Lampung Timur [MP]- Diduga kuat peredaran rokok ilegal kembali ditemukan di Desa Pasir Sakti, Kecamatan Pasir Sakti. Sebanyak 20 dus rokok merek berinisial “R” ditemukan tersimpan di atas mobil pick up milik Komariah, seorang warga setempat. Rokok-rokok tersebut diduga telah siap untuk dipasarkan ke sejumlah toko di wilayah tersebut.
Salah seorang bernama Feri Perdana awal mengetahui rokok yang diduga ilegal tersebut, saat dirinya melihat sebuah mobil pick up warna hitam keluar dari salah satu toko di jalan lintas Timur tepatnya di Desa Karyamakmur, Kecamatan Labuhan Maringgai.
Setelah di ikuti selama 30 menit ternyata mobil tersebut berhenti di sebuah rumah yang diketahui milik Komariah. Curiga dengan barang barang yang ada di dalam kardus itu Feri lalu memastikan isi dari dalam kardus tersebut. Setelah dibuka ternyata rokok yang diduga tidak ada cukai resminya.

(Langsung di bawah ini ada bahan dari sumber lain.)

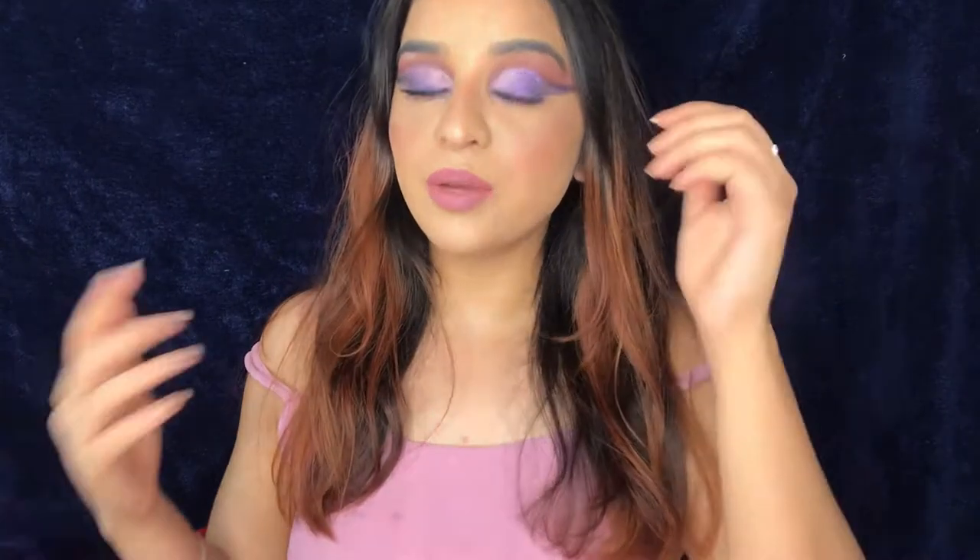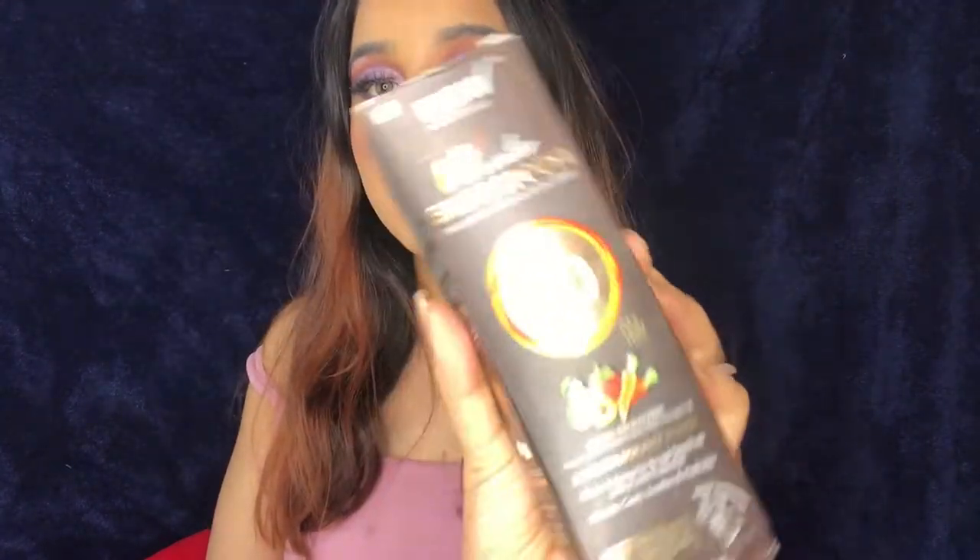Hey everyone, this is Mahima and welcome back to my channel. For today I'm going to be reviewing another Wow Skin Science product — the Wow Skin Science UV Water Sunscreen. I've been using this for more than a month, like one and a half months, and I thought of reviewing this because it's different from any other regular sunscreen.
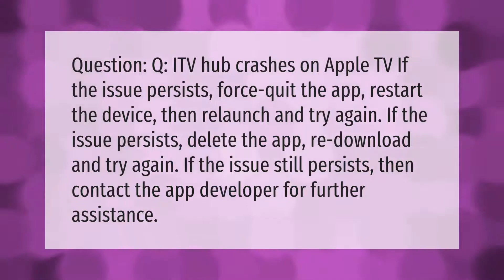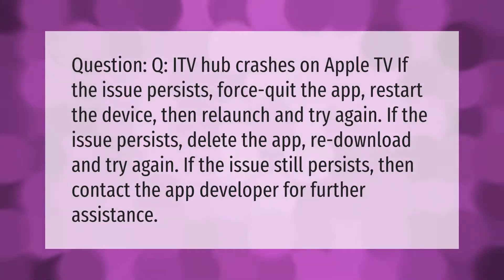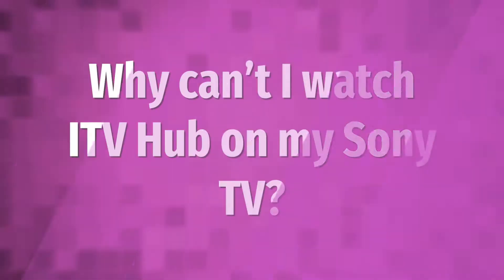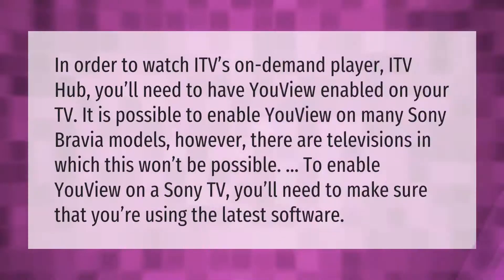If ITV Hub crashes on Apple TV and the issue persists, force quit the app, restart the device, then relaunch and try again. If the issue persists, delete the app, re-download, and try again. If the issue still persists, contact the app developer for further assistance.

“Saya tanya sama Bu Komariah katanya belinya dari toko Uncu yang ada di Desa Karyamakmur, Labuhan Maringgai. Kami berharap pihak terkait melakukan kroscek jika benar itu rokok ilegal tanpa cukai resmi agar di tindak”kata Feri Perdana, Selasa (7/1/2024).
Komariah, saat dimintai keterangan, mengungkapkan bahwa dirinya sudah lama menjadi agen salah satu merek rokok berinisial R. Namun, terkait status resmi atau tidaknya cukai pada produk tersebut, Komariah mengaku tidak mengetahui hal itu.
“Saya menjual rokok Ini karena banyak peminatnya, memang hanya jenis rokok R yang kami jual. Saya pun hanya menjual di toko toko seputaran Kecamatan Pasir Sakti “kata Komariah.
Terkait dugaan peredaran rokok ilegal, Humas Bea Cukai Bandar Lampung, Heriyanto, mengimbau masyarakat untuk segera melapor apabila menemukan produk rokok yang tidak dilengkapi dengan pita cukai resmi. Saat dikonfirmasi melalui sambungan telepon, Heriyanto menjelaskan bahwa keberadaan rokok ilegal tanpa label cukai resmi melanggar peraturan.
“Jika masyarakat menemukan rokok ilegal, kami minta segera melaporkan hal tersebut ke kantor Bea Cukai Bandar Lampung,” ujar Heriyanto.
Ia juga menegaskan bahwa pihak Bea Cukai terus berkomitmen memberantas peredaran rokok ilegal demi menjaga penerimaan negara dan melindungi masyarakat dari dampak negatif produk tak terawasi.
Bahkan Hariyanto menegaskan sering melakukan koordinasi dengan pemerintah daerah masing masing yang ada di wilayah Provinsi Lampung, terkait peredaran roko ilegal. Bahkan tahun 2024 Bea Cukai Bandar Lampung sudah pernah menyita roko ilegal sebanyak 29 juta batang lebih.
“Silahkan bawa Sempel rokoknya dan kasih kami alamat gudangnya, nanti jika benar toko dimaksud ilegal kami akan lakukan penindakan bersama aparat TNI Polri”tegas Heriyanto.